Home rule for Catholic Ireland, another cause near to Acton's heart, was perennially discussed and
perennially deferred.
Once countries achieved democracy,
whether it happened gradually or through revolution, the dangers of
centralization were all the greater. In monarchies and oligarchies, a minority
or an individual could often find support in tradition or public opinion, and
sometimes in law, for resisting the most arbitrary expressions of political
power, which after all did not represent the popular will. In democracies,
where government can claim majority support, resistance is far more difficult.
Who can stand up against the voice of the people? "The true democratic
principle," Acton
wrote, "that none shall have power over the people, is taken to mean that
none shall be able to restrain or to elude its power.... The true democratic
principle, that every man's free will shall be as unfettered as possible, is
taken to mean that the free will of the collective people shall be fettered in
nothing." Absolute power corrupts democracy just as surely as any other
form of government.
Acton was under no illusion that
civil or religious liberty was the chief desire of most people, especially
those who were not well off. The aristocratic liberalism of
early-nineteenth-century Europe, like the
laissez-faire economics that accompanied it, had done little for the poor, for
laboring people, for education or public health. Oppression by a class was no
better than oppression by a race. Democracy's ability and inclination to deal
with such problems was "its purpose and its strength," he wrote in
1878, but at the same time its "notorious danger." Through the systematic
dispensing of benefits to particular groups or industries, a well-financed
democratic government could buy support and extend its reach indefinitely.
Hence the overriding
necessity in a democracy for institutional limitations on government authority.
Proportional representation, in Parliament would help somewhat by enabling
geographically dispersed minorities to elect members, Acton thought, but a
federal system of separated powers was the most effective solution yet proposed
to the problem of democratic despotism. In the American system, states and
localities had certain powers; the federal government had other, more or less
clearly defined powers, which in turn were parceled out among the legislative,
executive, and judicial branches. America
during its first decades under the Constitution was not yet democratic in the
modern sense; Acton agreed with later historians
who traced that development from the Jackson
administration. But the federal system of divided sovereignty offered effective
checks against an ambitious, threatening national government that might arise
once the representatives of the people discovered unlimited power in their
hands.
No party had inscribed pure liberty on its flag, not even the Americans.
Toleration, trade, slavery.

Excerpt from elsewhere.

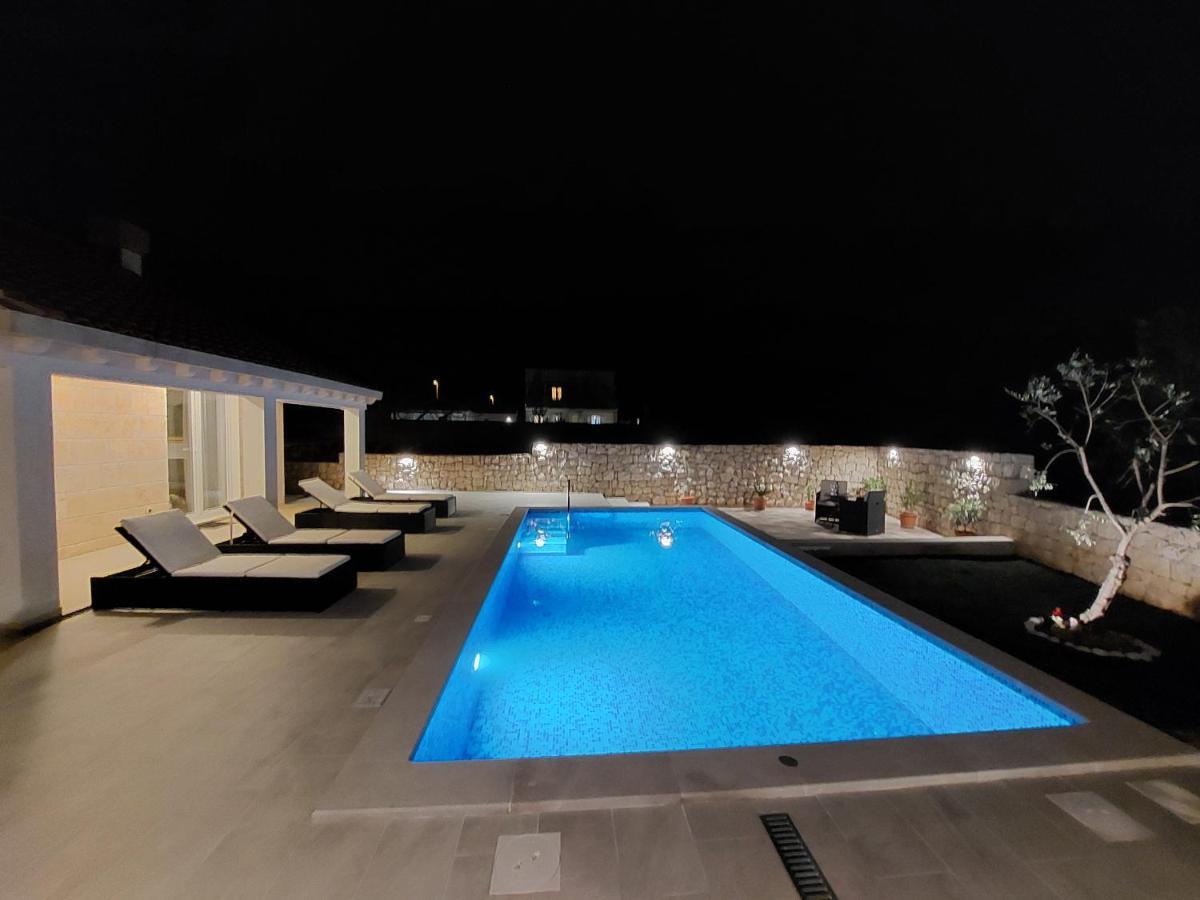 Apartment Holiday Home Doma, Cilipi Near Dubrovnik Eksteriør bilde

But they made immense strides in the process of
revolution. Resistance to prospective evil--speculative revolution.
Division of powers in the Supreme Court. Federalism. No primogeniture, no
established Church; no crown, church, aristocratic army.
European countries were in
transition, Acton
feared, from archaic absolute monarchies to much more powerful, efficiently
organized modern states that, accurately or not, claimed to act in the name of
the people. To some degree the Americans had inoculated themselves against the
tyranny of the majority before it ever became a reality.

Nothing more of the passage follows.